Orvieto is the latest stop for translator Rick Montoya (Murder Most Unfortunate, 2015, etc.), who stumbles across corpses in every hidden corner of Italy
There’s nothing illegal in the behavior Rick’s uncle, Commissario Piero Fontana of the Rome police, sends his nephew to investigate, unless you think it’s criminally stupid for Rick’s cousin Fabrizio to partly set up housekeeping with an older married woman in the ancient walled city a short drive from Rome. Tullia Aragona pays for Fabrizio’s Orvieto apartment, where she visits him often but goes home to her shady husband, Vincenzo. Rick’s mission is to persuade young Fabrizio to return to Rome. Hoping to see the sights, he invites his current girlfriend, Betta Innocenti, along but is soon pressed into service by the police. Detective Paolo LoGuercio, temporarily in charge of the small-town Orvieto force, is confronted with the murder of an American woman, Rhonda Van Fleet. Unused to serious crime, LoGuercio not only needs Rick to translate as he interviews Rhonda’s traveling companions, her adult daughter, Gina, and her longtime friend Francine, but relies increasingly on Rick’s instincts as an amateur sleuth.

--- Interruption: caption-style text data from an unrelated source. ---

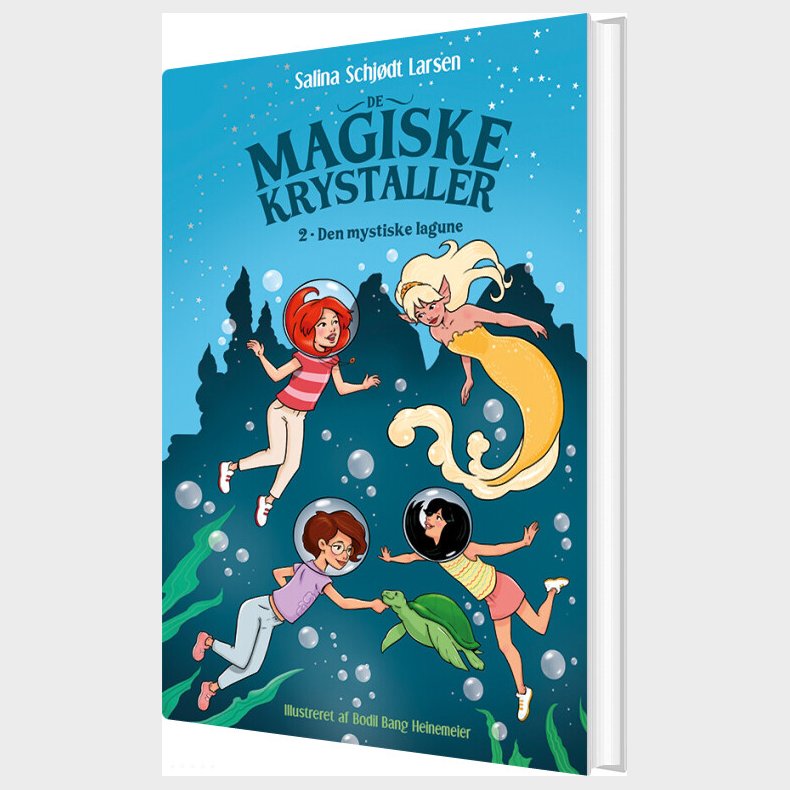 De Magiske Krystaller 2: Den Mystiske Lagune - Salina Schj�dt Larsen - Bog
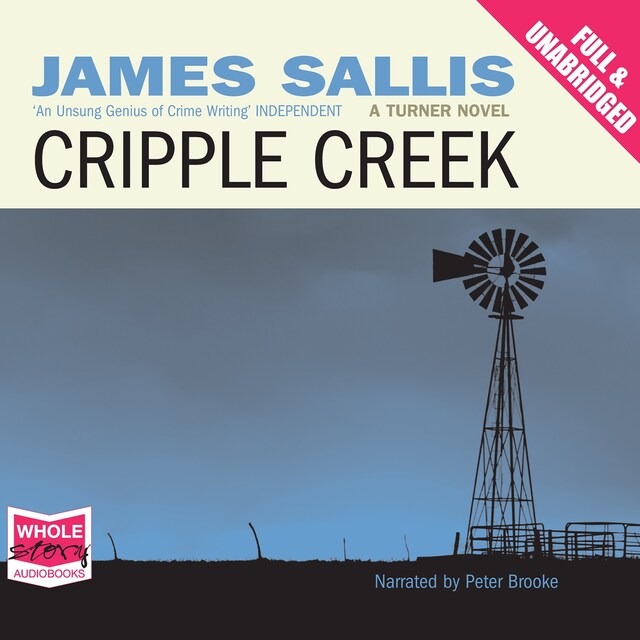 Couverture de livre pour Cripple Creek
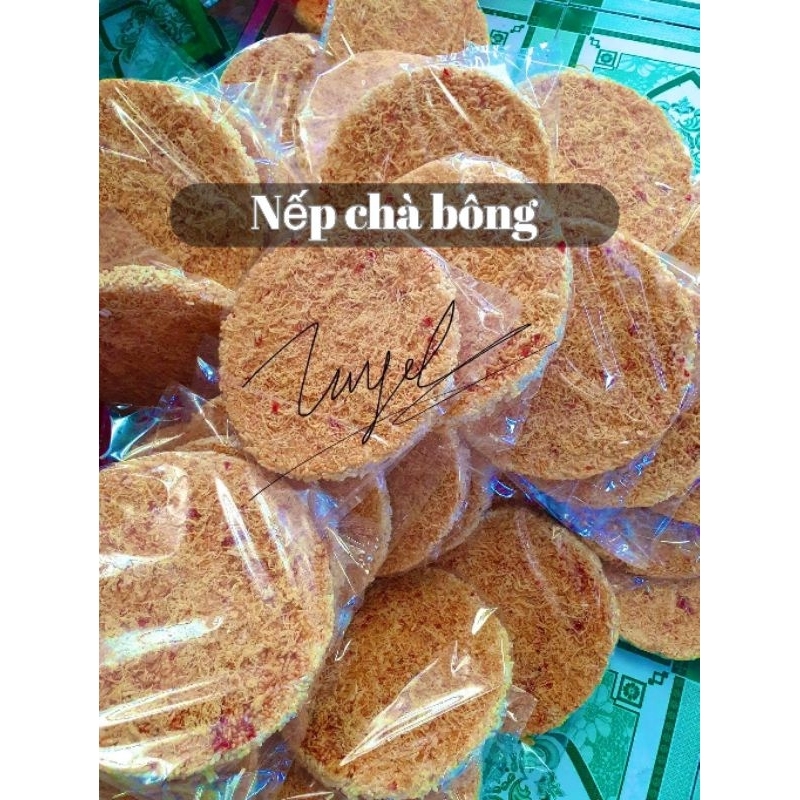 Cơm cháy chà bông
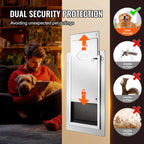 SucceBuy SafeFlap | Weatherproof Locking Pet Door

Rhonda came to Orvieto, where she’d learned ceramics as a student, to reconnect with her past. But which of those connections proved fatal? As Mayor Bernardo Boscoli and tourism booster Livio Morgante urge LoGuercio to close the case quickly, Rick leaves Betta to explore Orvieto’s medieval streets on her own while he tries to unmask a killer.
Once again, Wagner’s setting battles his plot for the reader’s attention, leaving detection in Orvieto’s soft volcanic dust.